So after my rant (because, admittedly, that’s what it was, since it never outlined a suggestion for a solution) on the Sauder cheer uproar, a couple of things have happened: an apology was issued by the CUS, the CUS President & Vice-President have resigned, along with the two co-chairs of Frosh, a press conference was held by the Dean of Sauder, and Frosh has officially been cancelled for next year. More importantly, though, executives from the CUS and AMS will receive sensitivity training with the Sexual Assault Support Centre.

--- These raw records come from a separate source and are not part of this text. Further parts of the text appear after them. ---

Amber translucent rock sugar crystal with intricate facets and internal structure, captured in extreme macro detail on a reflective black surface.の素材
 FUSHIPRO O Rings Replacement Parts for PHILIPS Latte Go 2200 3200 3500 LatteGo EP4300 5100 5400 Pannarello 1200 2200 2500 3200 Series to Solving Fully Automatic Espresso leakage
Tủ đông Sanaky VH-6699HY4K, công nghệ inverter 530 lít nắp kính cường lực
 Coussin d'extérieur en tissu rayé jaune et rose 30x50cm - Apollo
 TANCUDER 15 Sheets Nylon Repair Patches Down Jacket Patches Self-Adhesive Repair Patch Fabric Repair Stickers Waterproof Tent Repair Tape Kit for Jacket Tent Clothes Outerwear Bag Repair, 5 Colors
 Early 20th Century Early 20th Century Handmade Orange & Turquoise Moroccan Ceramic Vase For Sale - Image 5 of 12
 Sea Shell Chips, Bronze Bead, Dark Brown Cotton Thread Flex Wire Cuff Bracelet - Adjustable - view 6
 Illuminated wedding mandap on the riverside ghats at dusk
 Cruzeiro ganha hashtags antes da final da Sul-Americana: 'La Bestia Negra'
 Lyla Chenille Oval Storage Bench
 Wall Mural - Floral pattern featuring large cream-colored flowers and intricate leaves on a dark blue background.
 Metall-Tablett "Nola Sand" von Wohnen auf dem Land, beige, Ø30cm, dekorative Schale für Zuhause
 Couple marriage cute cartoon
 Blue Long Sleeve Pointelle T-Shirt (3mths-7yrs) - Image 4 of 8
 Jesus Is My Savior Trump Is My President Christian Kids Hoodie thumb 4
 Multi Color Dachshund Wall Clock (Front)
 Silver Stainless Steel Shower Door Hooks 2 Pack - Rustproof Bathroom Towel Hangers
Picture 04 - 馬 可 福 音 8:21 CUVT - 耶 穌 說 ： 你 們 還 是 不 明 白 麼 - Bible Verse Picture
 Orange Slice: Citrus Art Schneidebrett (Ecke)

Today’s news of the resignations saddens me a little bit, and especially with the announcement that Frosh is cancelled. While I’m not a Sauder alumni, and while I don’t particularly understand the intensity of any Frosh, the news today harms more than we might think:
- Cancelling Frosh is not the answer. Frosh does help bring people out of their shells, and Frosh is a great way to meet new people: there is a sense of camaraderie that Frosh provides. These chants will obviously never be heard of again or recanted; believe it or not, yes, Frosh does have benefits (note: these benefits will never excuse these chants), and Frosh can still exist without these cheers.
- The pressure placed on these student leaders whose comments were made public is IMMENSE. Do you know how much stress anyone goes when they know they’re about to be punished, and they’re left waiting? I do, having gone through a similar ordeal back in high school – and the train of thought running through your mind is deafening. Whether these leaders were coerced or they chose to resign on their own, it shows that leaders are placed on this pedestal where failure and mistakes are not options.
- Let students make mistakes. I think it’s safe to say none of the leaders promoted rape culture; they unwittingly reinforced it, but that doesn’t make them monsters. If we continue to punish these leaders, it shows that mistakes are not to be tolerated in any form whatsoever. While there’s nothing anyone can do about reinstating these leaders, it’s unfortunate the general climate has pushed them to make such a decision.
- If a Frosh attended had a problem with anything involved in Frosh, who do they turn to? I’ve been seeing a lot of comments such as “If the first-years felt offended, they should say something!” – well, if going into Frosh, you realize that it’s connected to Sauder AND CUS, you might feel there’s no one you can safely turn towards to complain about the activities. Administration should ensure that if there are any students who feel uncomfortable about any of the activities, that there is an individual that is objective, listen to any complaints and can speak up on the students’ behalf.
We can’t change what happened – but to say “Let’s forget about this” or “This was blown out of proportion” downplays the severity of the problem. People need to understand why the general public reacted the way it did. And to forget this issue so quickly silences even more individuals.
But, importantly, the CUS (finally) apologized & proper training is being done.
We need to show that making mistakes is human.
And, of course, the bigger picture here is that there is a discussion about rape culture & what this term means.
And, notably, as others have written about, UBC’s social student culture is at risk (or at least becoming tamer) – and while, again, that doesn’t excuse inappropriate behaviour, it should be possible to have fun without administration breathing down our necks. To stop the support for Frosh, a popular and fun event, shows how out-of-touch Sauder administration really is about this topic.
The problem of this chant is a wider, greater social issue, and is more complex. (There are also more problems on campus dealing with misogyny that deserved far greater exposure.) Cancelling Frosh doesn’t solve anything. Proper education does. Bring back Frosh next year, and teach a new generation of students that leaders can make mistakes, students can bond without being offensive and that a university can be a liberal, fun yet safe and academically-enriching environment.